Equities have been under pressure on hawkish Fed Chair Powell

In a market wrap, analysts at ANZ explained that US equities have been under pressure after yesterday’s hawkish comments by US Fed Chair Powell and a confrontational speech aimed at China by US Vice President Pence saw a repricing of risk.

Key Quotes:

“NASDAQ fell 2.2%, while the DJIA and S&P 500 are both currently down 1.3%. Key European indices closed 0.4-1.5% lower. The USD was mixed against the G10 with risk-off propping up JPY. GBP outperformed, with the UK planning to fast track a Brexit deal, while emerging markets were under pressure.
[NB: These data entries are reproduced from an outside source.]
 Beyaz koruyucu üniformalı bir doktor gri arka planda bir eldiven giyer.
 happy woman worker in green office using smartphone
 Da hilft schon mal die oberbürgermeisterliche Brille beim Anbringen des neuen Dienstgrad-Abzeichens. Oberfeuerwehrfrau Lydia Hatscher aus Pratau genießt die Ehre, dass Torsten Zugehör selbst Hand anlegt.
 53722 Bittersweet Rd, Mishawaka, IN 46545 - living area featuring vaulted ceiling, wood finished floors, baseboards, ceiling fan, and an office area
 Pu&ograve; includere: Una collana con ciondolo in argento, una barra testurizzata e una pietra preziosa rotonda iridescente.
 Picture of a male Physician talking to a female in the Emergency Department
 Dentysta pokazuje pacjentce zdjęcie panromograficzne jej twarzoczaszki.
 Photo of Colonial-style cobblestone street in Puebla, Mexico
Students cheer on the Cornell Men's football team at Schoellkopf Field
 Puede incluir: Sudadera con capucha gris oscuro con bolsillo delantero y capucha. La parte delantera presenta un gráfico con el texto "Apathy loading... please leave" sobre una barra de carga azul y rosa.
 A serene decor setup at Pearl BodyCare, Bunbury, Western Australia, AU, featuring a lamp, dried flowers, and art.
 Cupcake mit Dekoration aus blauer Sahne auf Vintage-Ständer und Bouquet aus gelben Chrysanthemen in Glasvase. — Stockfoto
US treasury yields lifted further, with the 10-year touching 3.23%, but later unwound to be broadly unchanged across the curve. UK yields were up 4-9bps across the curve. Oil fell around 2% with gold largely unchanged.

DATA/EVENT PULSE

REBOUND: US factory orders rebounded 2.3% m/m in August (mkt: 2.1%; last: -0.5%) with ex-transport orders matching last month’s expansion, up 0.1%. Durable goods orders came in a touch below their initial estimate at 4.4% m/m. Core orders were a little weaker, falling 0.9% m/m, from -0.5% last month. Overall, headline orders were boosted by a surge in the volatile civilian aircraft component (up 69.1%) with the underlying details suggesting manufacturing activity could be slowing.
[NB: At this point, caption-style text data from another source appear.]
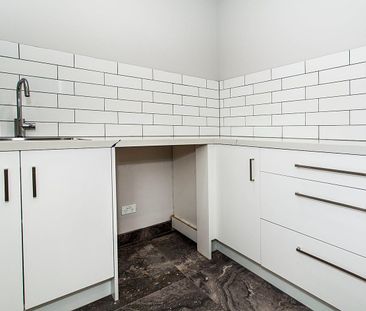 Low maintenance, modern living - Photo 4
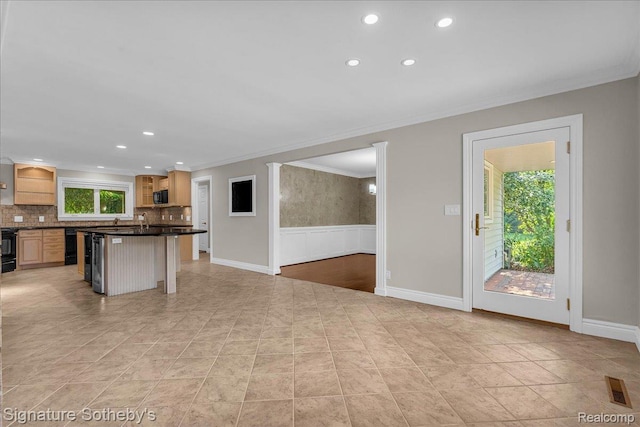 1656 Keller Ln, Bloomfield Hills, MI 48302 - kitchen with dark countertops, ornamental molding, recessed lighting, stove, and backsplash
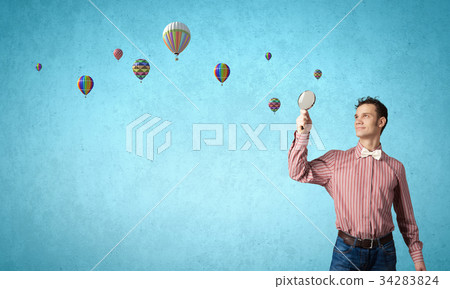 Guy looking in magnifying glass Guy looking in magnifying glass 34283824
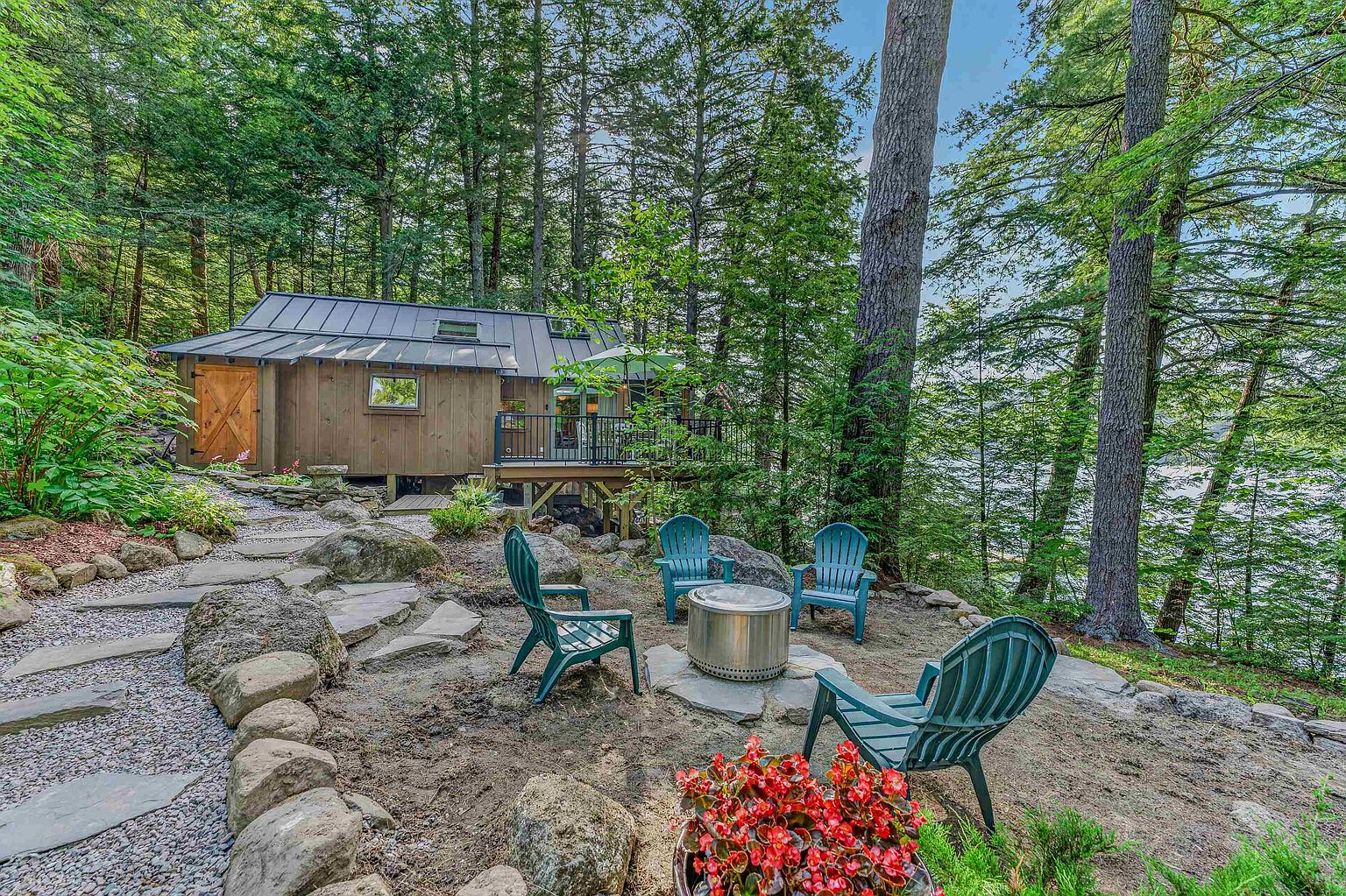 This serene outdoor space features a rustic cabin nestled among tall trees, overlooking a body of water. In the foreground, a stone-paved seating area includes four Adirondack chairs arranged around a modern metal fire pit, accented by a vibrant planter of red flowers. The scene captures a peaceful, wooded retreat with a natural landscape design that seamlessly integrates the home with its lakeside environment.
COMMENTARY – KEY THEMES AND VIEWS

“MORE THAN A TRADE WAR: Tensions between the world’s two largest economies appear to be escalating in the lead up to the November 6 US midterm elections. US Vice President Mike Pence delivered a speech that went beyond the usual China trade rhetoric, stating “China is meddling in America’s democracy” and accusing China of employing a “comprehensive and coordinated campaign” to undermine support for Trump. No doubt, expectations for a trade war resolution will be dampened as the Trump administration switches focus beyond the exchange of goods and intellectual property.

OPERATIONAL TWIST EURO-STYLE?: Market News International published a report that the ECB may engineer a pseudo operation twist next year while deciding where to put re-investments of maturing bonds, citing unnamed ECB officials. They may extend the duration of their portfolio. “Even though a Fed-style Operation Twist is off the table at the moment and it’s not even being evaluated by the technical committees, there could however be less rigid restrictions placed on what kind of bonds to be re-purchased – i.e. whether long, medium or short-term ones,” the source said. “The capital key is likely to remain the underlying, generic guideline to follow, but we could end up having a more lenient approach to it,” said the source.”